Gently stir the mixture.
Drop the chain into the pan. (A new chain is best.)
Leave until the chain is soaked through with the wax/oil liquid.
The wax/oil liquid easily ignites in the pan.
This fire will eventually spread to the whole kitchen.
Phone the Fire Brigade.
Explain to the Police how the fire started.
Inform your house insurance agent about the incident.
House insurance blame you for stupidity and avoid paying any insurance, if they can.


----------



## Tenkaykev (3 Mar 2022)

I tend to use Wilko wet lube and the “ Mickle Method” I’ve got a cheap and cheerful ultrasonic cleaner that I’ve used to deep clean the occasional chain. Before I retired the job I did sometimes involved using a vacuum impregnation chamber for applying varnish to the windings of electric motors. The motor is put in the chamber, switch on vac pump to evacuate all the air and create a vacuum, then open a valve to a container with varnish that becomes an aerosol and impregnates all the voids in the windings.
Out of curiosity I looked on Amazon and sure enough, you can buy a small vacuum system that would be suitable for bike chains if you substitute oil for varnish. Completely over the top but doable if you want to ensure the lubricant gets to where it’s needed.


----------



## MichaelW2 (3 Mar 2022)

For chain obsessives, a useful strategy is to run 2 chains. Switch your dirty chain for a clean one. Put the dirty chain into a jar of some cleaning fluid. Clean at your leisure 
You need a reusable quick link.


----------



## Gillstay (3 Mar 2022)

I just use chainsaw oil. Am I very wrong ? Biodegradable of course and buy it by the gallon.


----------



## Blue Hills (3 Mar 2022)

Tenkaykev said:


> I tend to use Wilko wet lube


I often use it - and my normal lube is the TF2 stuff recommended upthread by @freiston - I bought a litre of it a while ago for around a tenner.
In truth I wonder if they are basically the same thing.
I've used more apparently wondrous magical lubes in the past but now with much of my cycling kit try to keep things simple.


----------



## Blue Hills (3 Mar 2022)

Gillstay said:


> I just use chainsaw oil. Am I very wrong ? Biodegradable of course and buy it by the gallon.

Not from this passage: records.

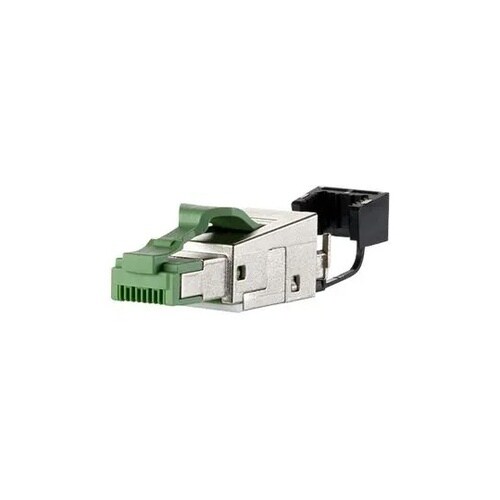 130E405032PE コネクタプラグ
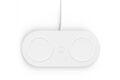 Belkin Drahtlos Ladegerät (10W)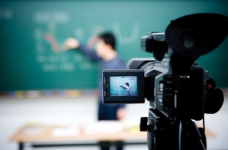 Захист дисертацій фіксуватимуть на відео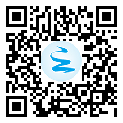 http://www.jiehe78.com/lengshuiji-1_80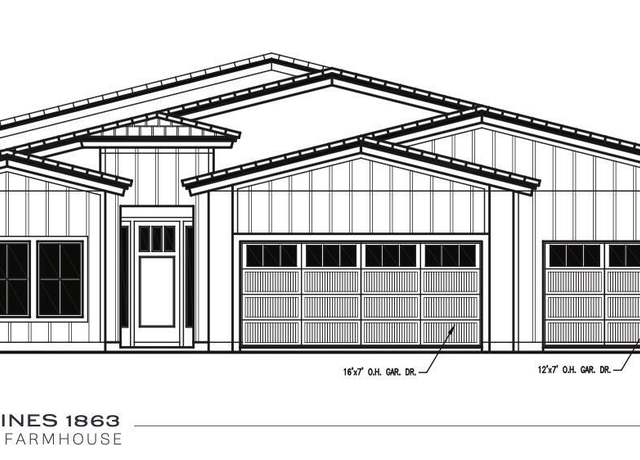 Property at 13425 Coldham St, Horizon City, TX 79928, 3 beds, 2.5 baths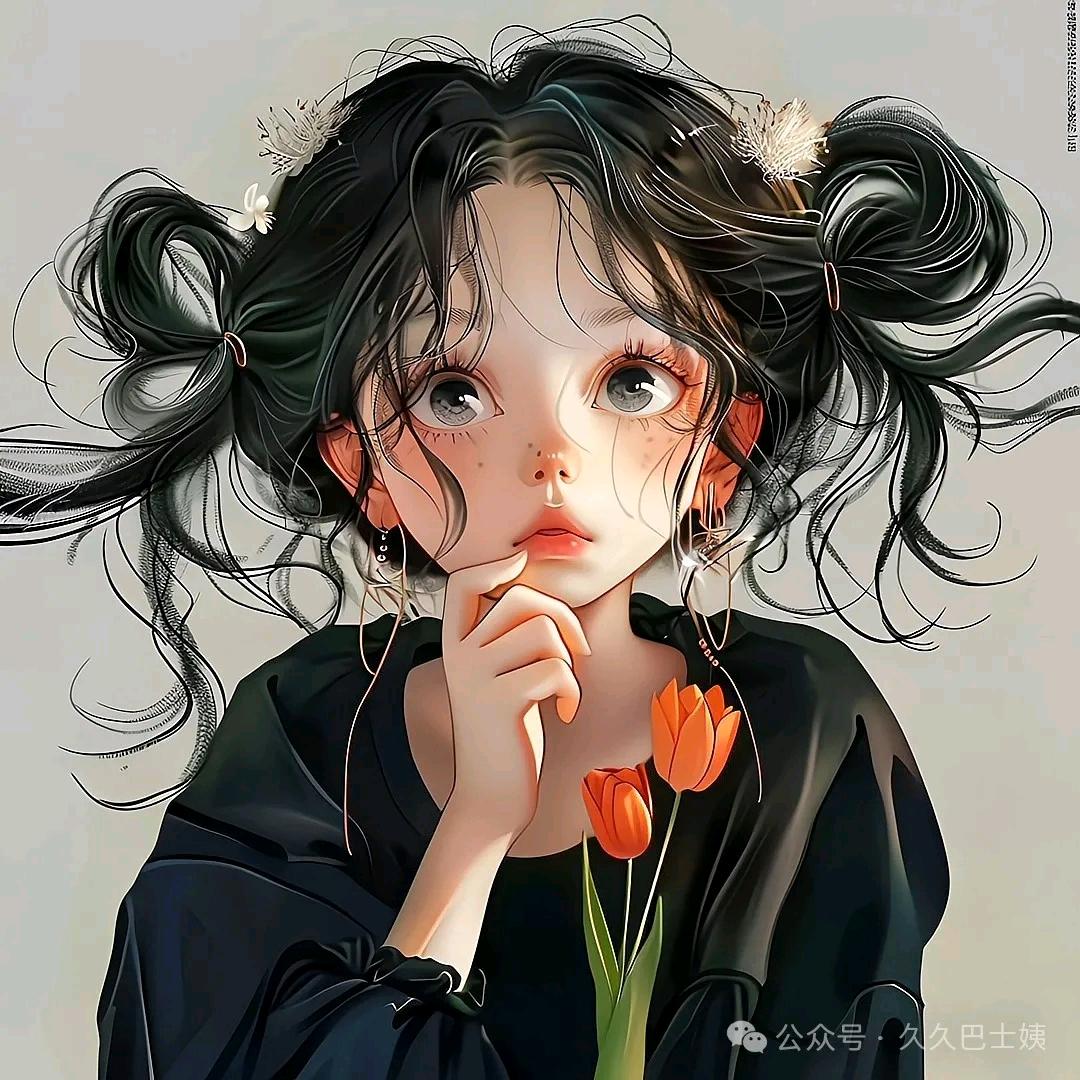 铛铛
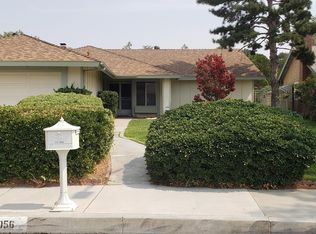 43056 Lemonwood Dr, Lancaster, CA 93536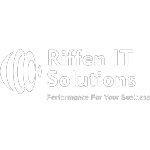 RIFFEN IT SOLUTIONS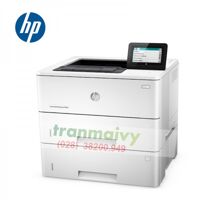 Máy In Laser HP LaserJet M506X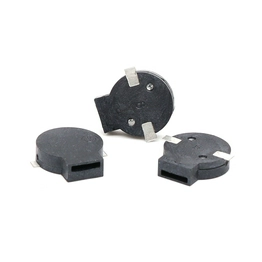 SMD9025-32Ω XHX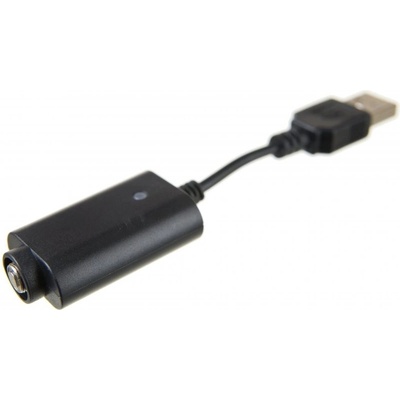 Linx Hypnos Zero Ares USB nabíjačka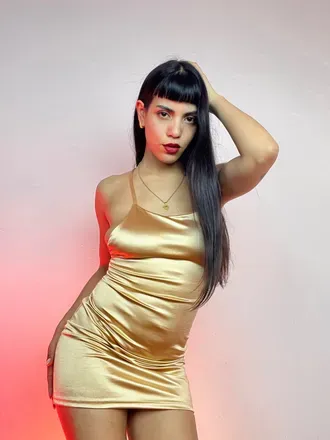 OnlyFans cuenta rootsgaia avatar 1
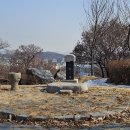 고강선사유적공원 이미지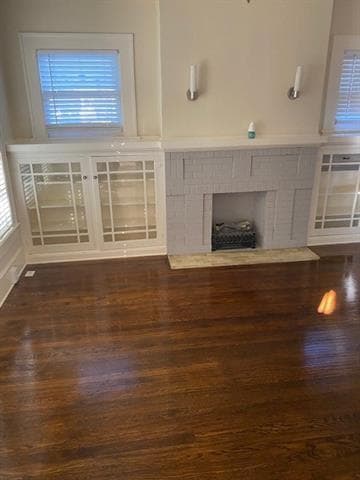 Building Photo - 5602 Tremont St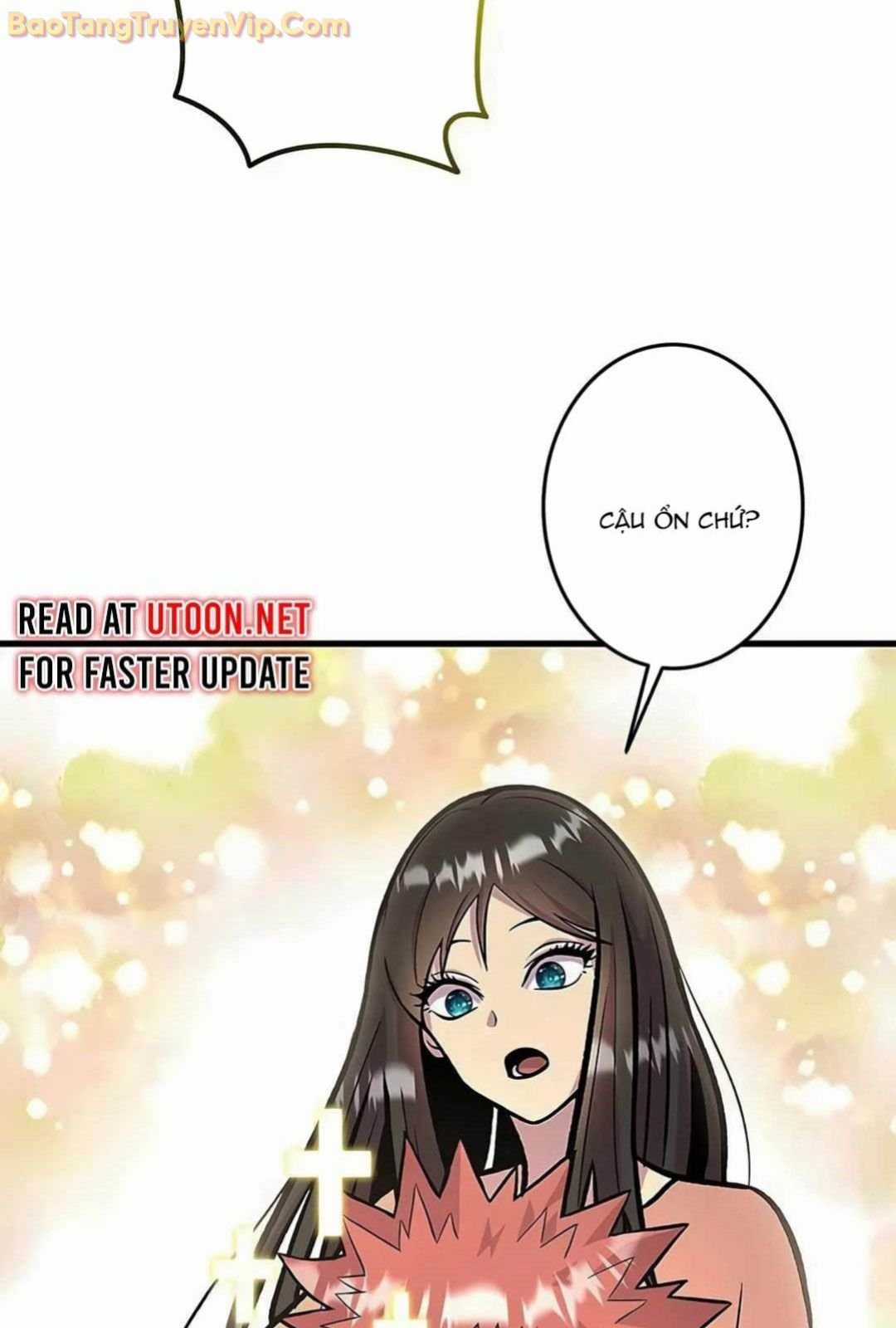 Lượng Mana Đáy Xã Hội! Ta Vô Địch Nhờ Kỹ Năng Của Mình Chapter 14 trang 66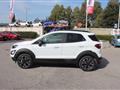 FORD ECOSPORT 1.0 EcoBoost 125 CV Start&Stop Titanium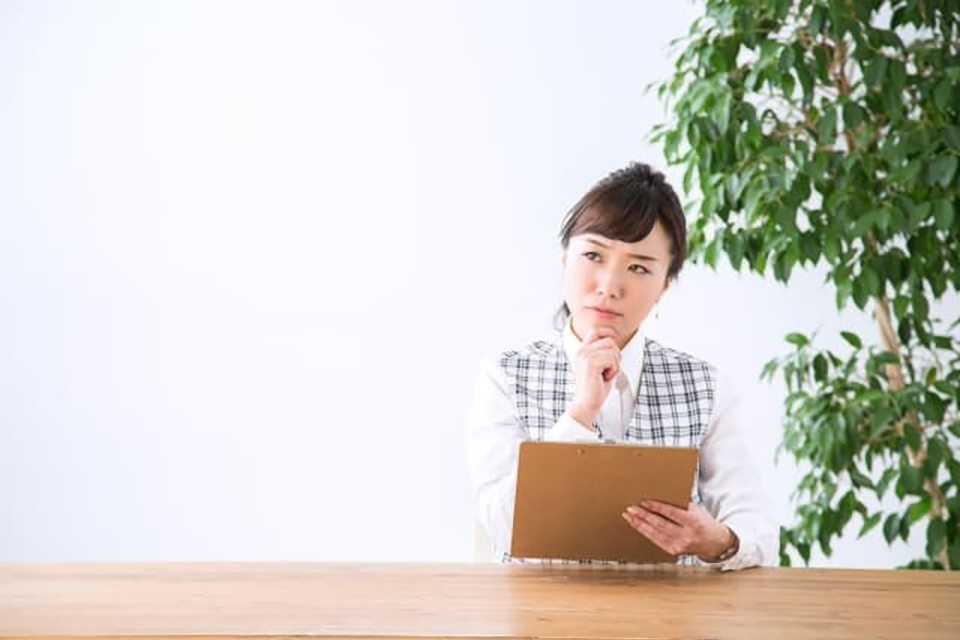 テレアポはきつい?テレアポがしんどい・病む理由やメリット等を解説!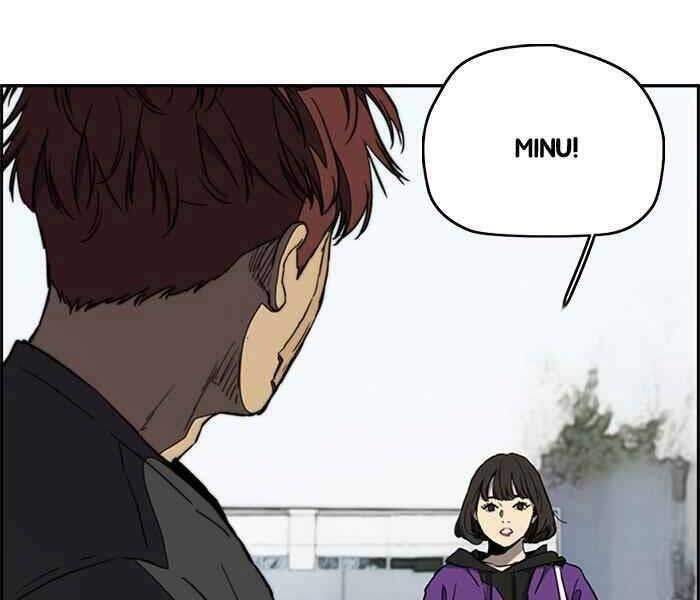 Thể Thao Cực Hạn - Chapter 259 - Page 81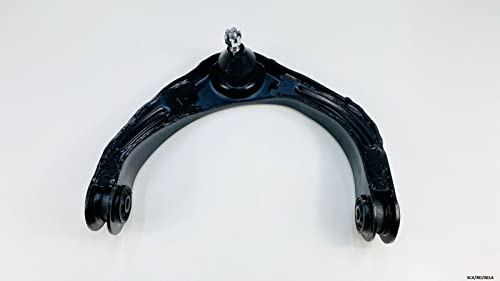 Bras de commande supérieur avant droit pour Dodge RAM 1500 2006-2008 SCA/RD/001A 5 pattes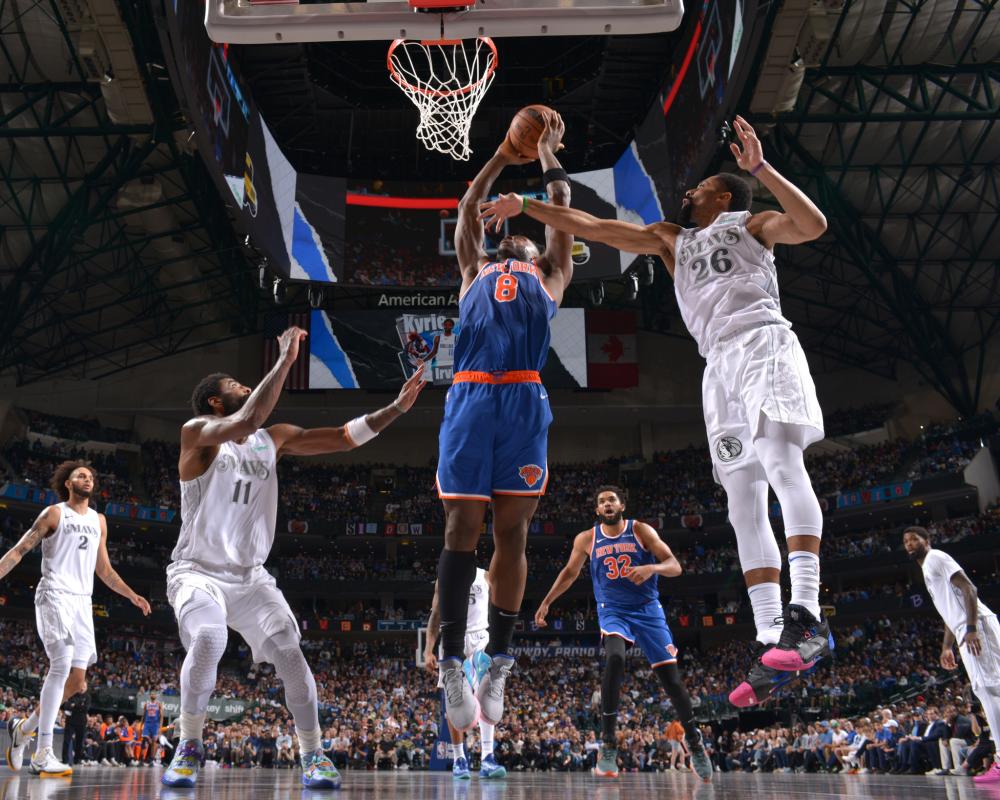 当篮球场上 当篮球场上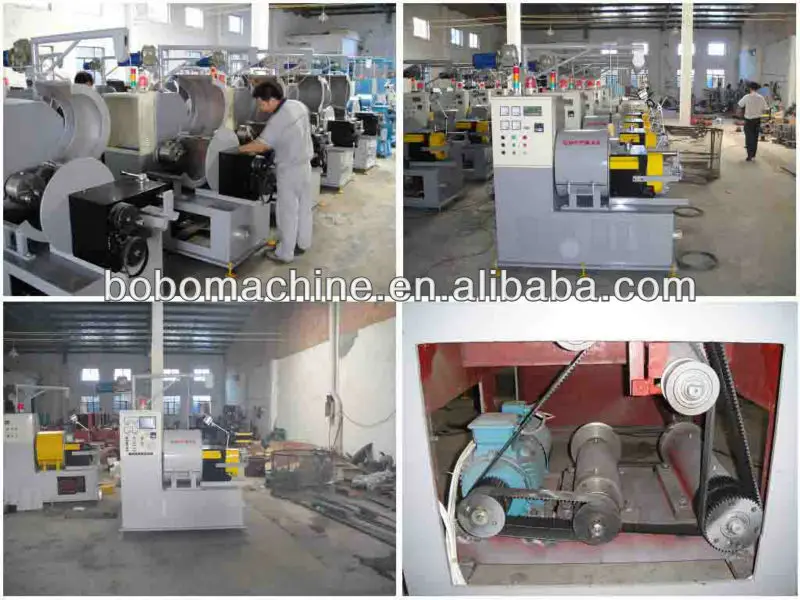 Outer casing machine..jpg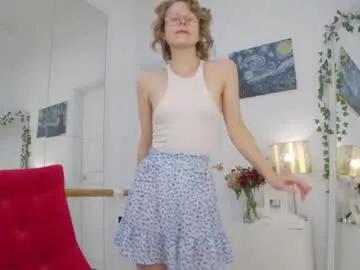 mira_marni from Chaturbate is Freechat
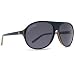 VonZipper Rockford Sunglasses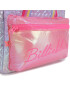 Billieblush Nahrbtnik U10529 Modra - Pepit.si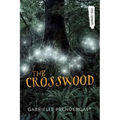 The Crosswood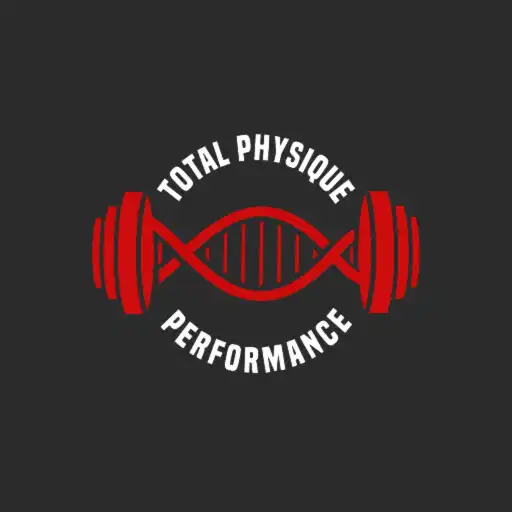 Play Total Physique Performance APK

Does anyone actually use Chainsaw oil for chainsaws?
Can't help wondering if all those lumberjacks spend their evenings discussing the merits of the latest waxy synthetic magical bike oil.


----------



## nlmkiii (3 Mar 2022)

If you have a bike you care about I can't see a good reason to just buy any old lube. There are people out there spending £3k+ on a bike and then shoving any old lube on, it's bizarre! 99% of wet lubes are such high maintenance and high friction (which means high knock-on costs). I can't see a good reason for a wet lube, even on an old commuter... I wouldn't even put it on my kid's Frog bike!!! 

Wet lubes seem to offer the worst of all worlds. Perhaps only beaten by dry lubes!

Chuck them all in the bin.


----------



## Alex321 (3 Mar 2022)

Blue Hills said:


> Does anyone actually use Chainsaw oil for chainsaws?


Yes.

But it is designed to be fed into the chain as it runs - you fill a reservoir in the chainsaw which drip feeds it onto the chain. It isn't designed to be just put on the chain and then left - though a bicycle chain is, of course, moving much more slowly.


----------



## Cerdic (6 Mar 2022)

nlmkiii said:


> If you have a bike you care about I can't see a good reason to just buy any old lube. There are people out there spending £3k+ on a bike and then shoving any old lube on, it's bizarre! 99% of wet lubes are such high maintenance and high friction (which means high knock-on costs). I can't see a good reason for a wet lube, even on an old commuter... I wouldn't even put it on my kid's Frog bike!!!
> 
> Wet lubes seem to offer the worst of all worlds. Perhaps only beaten by dry lubes!
> 
> Chuck them all in the bin.



What would you recommend instead?


----------



## PaulSB (6 Mar 2022)

Squirt lube. Great stuff.


----------



## nlmkiii (6 Mar 2022)

Cerdic said:


> What would you recommend instead?


the most commonly recommended will be older style wax emulsion lubes, like Squirt / Smoove. And they are very good but they have initial penetration issues due to high viscosity. Great option if you put the effort in on the first application though (Take chain off, overload with wax, massage in for 20 minutes!), and you more than make up for that initial up front work by very low maintenance after. 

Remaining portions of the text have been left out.